First official portrait of Carlos III and Camilla: Buckingham boasts of new kings

It is the golden brooch to the coronation splendors of Charles III y Camilla, which took place last weekend in London: four official portraits that go directly into the history of European monarchies. The author is the French photographer Hugo Burnand, the same one who immortalized the wedding of the new kings.

Buckingham Palace has shared the solemn portraits through social networks. In the first of them, Carlos III is dressed in his royal purple tunic and the Mantle of State topped with ermine fur and poses with the Orb and the Scepter with the Cross.

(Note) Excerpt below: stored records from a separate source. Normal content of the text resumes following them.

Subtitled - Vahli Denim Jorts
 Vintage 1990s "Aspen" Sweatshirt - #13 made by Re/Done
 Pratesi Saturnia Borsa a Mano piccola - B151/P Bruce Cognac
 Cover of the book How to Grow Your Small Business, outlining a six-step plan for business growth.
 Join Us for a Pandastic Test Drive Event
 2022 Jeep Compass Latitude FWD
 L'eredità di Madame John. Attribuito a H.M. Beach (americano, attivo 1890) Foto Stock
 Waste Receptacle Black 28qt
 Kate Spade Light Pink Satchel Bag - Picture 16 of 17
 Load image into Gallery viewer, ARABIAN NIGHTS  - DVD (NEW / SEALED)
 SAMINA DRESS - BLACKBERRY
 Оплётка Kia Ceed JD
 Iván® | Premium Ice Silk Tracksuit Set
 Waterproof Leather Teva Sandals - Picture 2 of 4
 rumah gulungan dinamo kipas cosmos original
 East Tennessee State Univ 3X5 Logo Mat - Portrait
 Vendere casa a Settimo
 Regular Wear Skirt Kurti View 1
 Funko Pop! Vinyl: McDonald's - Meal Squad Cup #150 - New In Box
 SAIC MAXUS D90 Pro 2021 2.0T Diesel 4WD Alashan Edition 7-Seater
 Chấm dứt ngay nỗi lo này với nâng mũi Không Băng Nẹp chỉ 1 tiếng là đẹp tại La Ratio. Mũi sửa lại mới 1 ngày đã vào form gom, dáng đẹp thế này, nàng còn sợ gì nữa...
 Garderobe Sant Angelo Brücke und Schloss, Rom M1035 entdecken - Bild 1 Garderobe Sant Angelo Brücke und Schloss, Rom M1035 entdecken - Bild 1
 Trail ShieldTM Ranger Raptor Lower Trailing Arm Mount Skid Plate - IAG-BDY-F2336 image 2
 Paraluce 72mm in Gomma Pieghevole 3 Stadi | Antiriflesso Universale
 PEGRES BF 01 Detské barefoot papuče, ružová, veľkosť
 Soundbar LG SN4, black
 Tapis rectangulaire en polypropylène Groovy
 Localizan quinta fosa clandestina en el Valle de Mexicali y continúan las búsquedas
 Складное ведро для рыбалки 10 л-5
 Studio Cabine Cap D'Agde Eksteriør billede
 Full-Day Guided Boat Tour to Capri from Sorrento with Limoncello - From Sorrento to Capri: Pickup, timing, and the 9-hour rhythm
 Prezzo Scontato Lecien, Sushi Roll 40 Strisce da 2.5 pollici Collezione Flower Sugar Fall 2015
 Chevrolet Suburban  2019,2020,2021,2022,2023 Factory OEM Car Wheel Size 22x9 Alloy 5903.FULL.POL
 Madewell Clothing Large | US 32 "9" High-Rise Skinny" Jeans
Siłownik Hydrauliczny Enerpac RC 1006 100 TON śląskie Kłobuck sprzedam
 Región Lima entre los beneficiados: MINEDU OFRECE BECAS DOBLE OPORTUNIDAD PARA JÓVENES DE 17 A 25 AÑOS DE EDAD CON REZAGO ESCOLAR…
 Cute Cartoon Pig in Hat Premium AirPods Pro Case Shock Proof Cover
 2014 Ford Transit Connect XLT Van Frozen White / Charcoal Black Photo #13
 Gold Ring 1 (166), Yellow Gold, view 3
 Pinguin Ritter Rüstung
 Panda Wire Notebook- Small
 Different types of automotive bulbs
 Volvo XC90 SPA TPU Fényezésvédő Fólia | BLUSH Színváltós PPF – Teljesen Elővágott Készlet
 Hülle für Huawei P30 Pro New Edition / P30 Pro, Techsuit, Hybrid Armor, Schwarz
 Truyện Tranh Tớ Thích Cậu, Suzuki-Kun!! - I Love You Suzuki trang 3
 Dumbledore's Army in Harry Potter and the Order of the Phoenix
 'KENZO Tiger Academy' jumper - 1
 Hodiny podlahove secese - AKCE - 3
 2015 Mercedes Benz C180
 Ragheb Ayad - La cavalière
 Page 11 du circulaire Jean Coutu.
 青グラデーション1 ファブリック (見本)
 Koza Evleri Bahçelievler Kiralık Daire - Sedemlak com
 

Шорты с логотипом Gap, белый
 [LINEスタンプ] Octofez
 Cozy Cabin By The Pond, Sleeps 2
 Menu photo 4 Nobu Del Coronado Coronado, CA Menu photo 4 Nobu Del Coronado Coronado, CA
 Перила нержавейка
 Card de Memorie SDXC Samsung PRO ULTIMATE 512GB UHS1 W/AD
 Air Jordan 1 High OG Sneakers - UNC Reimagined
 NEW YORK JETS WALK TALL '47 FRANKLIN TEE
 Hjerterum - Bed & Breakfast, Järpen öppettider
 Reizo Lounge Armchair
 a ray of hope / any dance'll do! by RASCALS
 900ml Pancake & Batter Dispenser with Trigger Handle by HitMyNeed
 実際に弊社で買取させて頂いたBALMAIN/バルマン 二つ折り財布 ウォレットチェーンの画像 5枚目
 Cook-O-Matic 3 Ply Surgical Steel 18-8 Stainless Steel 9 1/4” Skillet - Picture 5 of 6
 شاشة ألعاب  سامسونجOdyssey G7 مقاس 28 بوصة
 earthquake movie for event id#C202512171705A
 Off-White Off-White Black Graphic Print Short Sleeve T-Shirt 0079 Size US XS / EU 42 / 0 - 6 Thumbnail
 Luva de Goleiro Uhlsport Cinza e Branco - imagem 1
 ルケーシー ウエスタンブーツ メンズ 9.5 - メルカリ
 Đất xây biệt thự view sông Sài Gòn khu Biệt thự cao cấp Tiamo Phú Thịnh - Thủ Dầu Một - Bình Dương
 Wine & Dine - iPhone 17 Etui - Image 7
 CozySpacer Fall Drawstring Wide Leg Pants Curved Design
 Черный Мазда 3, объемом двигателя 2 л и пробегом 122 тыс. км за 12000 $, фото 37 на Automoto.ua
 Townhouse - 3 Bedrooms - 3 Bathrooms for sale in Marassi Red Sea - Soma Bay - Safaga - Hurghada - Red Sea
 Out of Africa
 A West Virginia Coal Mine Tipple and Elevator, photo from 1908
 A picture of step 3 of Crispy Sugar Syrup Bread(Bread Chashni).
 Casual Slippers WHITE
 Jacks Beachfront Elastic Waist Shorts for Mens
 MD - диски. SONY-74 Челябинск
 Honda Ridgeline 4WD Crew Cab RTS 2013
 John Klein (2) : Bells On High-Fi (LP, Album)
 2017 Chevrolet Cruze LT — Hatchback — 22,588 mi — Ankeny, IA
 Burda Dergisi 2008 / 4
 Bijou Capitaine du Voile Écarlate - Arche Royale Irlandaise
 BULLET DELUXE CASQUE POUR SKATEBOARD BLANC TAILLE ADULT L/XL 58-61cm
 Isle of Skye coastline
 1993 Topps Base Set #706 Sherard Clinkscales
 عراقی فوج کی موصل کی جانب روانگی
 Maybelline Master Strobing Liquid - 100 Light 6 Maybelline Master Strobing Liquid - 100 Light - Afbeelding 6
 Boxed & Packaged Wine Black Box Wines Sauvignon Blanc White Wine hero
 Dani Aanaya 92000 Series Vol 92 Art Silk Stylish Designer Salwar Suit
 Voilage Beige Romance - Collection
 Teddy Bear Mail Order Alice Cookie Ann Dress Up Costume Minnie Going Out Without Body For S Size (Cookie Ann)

On a throne upholstered in red and trimmed in gold, he proudly displays his imperial state crown.

Camilla, however, poses standing in Buckingham’s throne room, wearing the crown of Queen Mary of Teck, which her husband’s great-grandmother wore for her coronation in 1911. On her shoulders also the purple mantle and the precious dress that she wore on coronation day, created by Bruce Oldfield and full of symbolic gold thread embroidery: a rose, a thistle, a daffodil and a shamrock, the flowers of the four nations of the United Kingdom and the two dogs she has adopted with Carlos III.

Finally, the couple pose together and also in a group, surrounded by their trusted people: the Princes of Wales (and future kings), Princess Anne and her husband, Sir Timothy Laurence, and the Dukes of Edinburgh, Edward and Sophie. Also at his side are the Dukes of Gloucester, the Duke of Kent and Alexandra of Kent.